Kur'an, insanın gündelik hayatında
karşılaştığı gerçekleri ve sık
sık tekrarlanan olayları evrensel realitelere dönüştürür.
Bu gerçekleri ile bu olaylarda yüce Allah'ın evrene
ilişkin yasalarını keşfeder. Bu gerçekler ve
olaylardan hareket ederek geniş kapsamlı bir inanç
sistemi, evrene ilişkin bütünleşmiş bir düşünce
tarzı oluşturur. Ayrıca yine bu gerçeklerden ve bu
olaylardan kendine özgü bir bakış ve düşünce
yöntemi geliştirir. Ruhlara ve kalplere canlılık
kazandırır. Duygulara ve algılara
uyanıklık kazandırır. Bu uyanıklık
iki yönlüdür. Bir yönü sabah-akşam insanları gözetlediği
halde onlar tarafından yeterince umursanmayan evrenin
dış yüzüne yöneliktir. Öbür yönü ile de insanların
iç dünyalarına bu dünyada olup biten acayipliklere ve olağanüstülüklere
dönüktür.
Kur'an, insanları çarpıcı olağanüstü
olaylara, sayılı özel mucizelere havale etmez. Onları
olağanüstü olayları, mucizeleri, ayetleri,
kanunları kendilerinin uzağında, gündelik hayatlarının
uzağında, yakın çevrelerindeki yabancısı
olmadıkları evrensel görüntülerin ötesinde aramak
zorunda bırakmaz. İnsanların vicdanlarında bir
inanç sistemi oluşturmak için, bu inanç sistemine dayanan
bir evren ve hayat görüşü meydana getirmek için onları
karmaşık felsefe akımlarına, içinden çıkılmaz
rasyonel tartışmalara ve herkesin yapamayacağı
bilimsel deneylere daldırmaz.
İnsanların kendi varlıkları yüce Allah'ın
sanatının esridir. Çevrelerindeki evrensel
görüntüler O'nun gücünün ürünüdür. O'nun eli ile yarattığı
her nesnede bir mucize gizlidir. Kur'an da O'nun sözüdür. Kim
insanlara öz varlıklarında saklı olan ve
yakın çevrelerindeki evrene serpiştirilen mucizeleri
kavratırsa onlara gündelik hayatlarındaki
olağanüstü olayları belletmiş olur. İnsanlar
bu olayları görüp durdukları halde içerdikleri
mucizevi özü idrak edemiyorlar. Çünkü bu olayları uzun
zamandan beri gördükleri için onları
kanıksamışlar, olağanüstü niteliklerini
göremez olmuşlardır. Kur'an, insanları bu
olaylarla yüzyüze getirerek gözlerini onlara doğru açmalarını
ve içerdikleri müthiş sırrı gözlemelerini sağlar.

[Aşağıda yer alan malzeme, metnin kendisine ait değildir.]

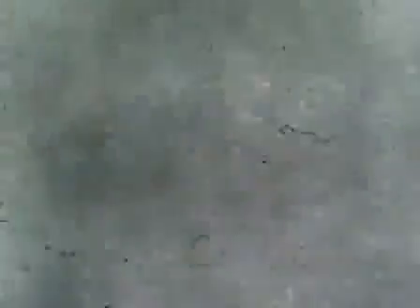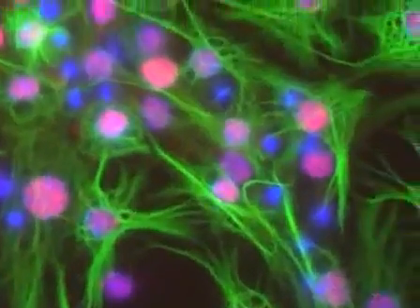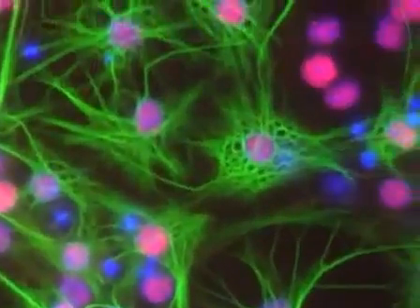In our lab we culture human neural precursor cells by changing half of their media every other day and we passage them about once a week by splitting one to two. When I passage cells, I may count them if I want to use them for an immunocytochemistry experiment or if I want to do a transfection with a nuclear factor.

Bu sır yaratıcı gücün, ortaksız
birliğin, insanların öz varlıklarında
olduğu gibi çevrelerini kuşatan evrende de aktif
etkisini gösteren ezeli yasal düzenin sırrıdır.
Bu sır insana çağıran kanıtlarla ve inanç
sistemini yapılandıran açık deliller ile yüklüdür.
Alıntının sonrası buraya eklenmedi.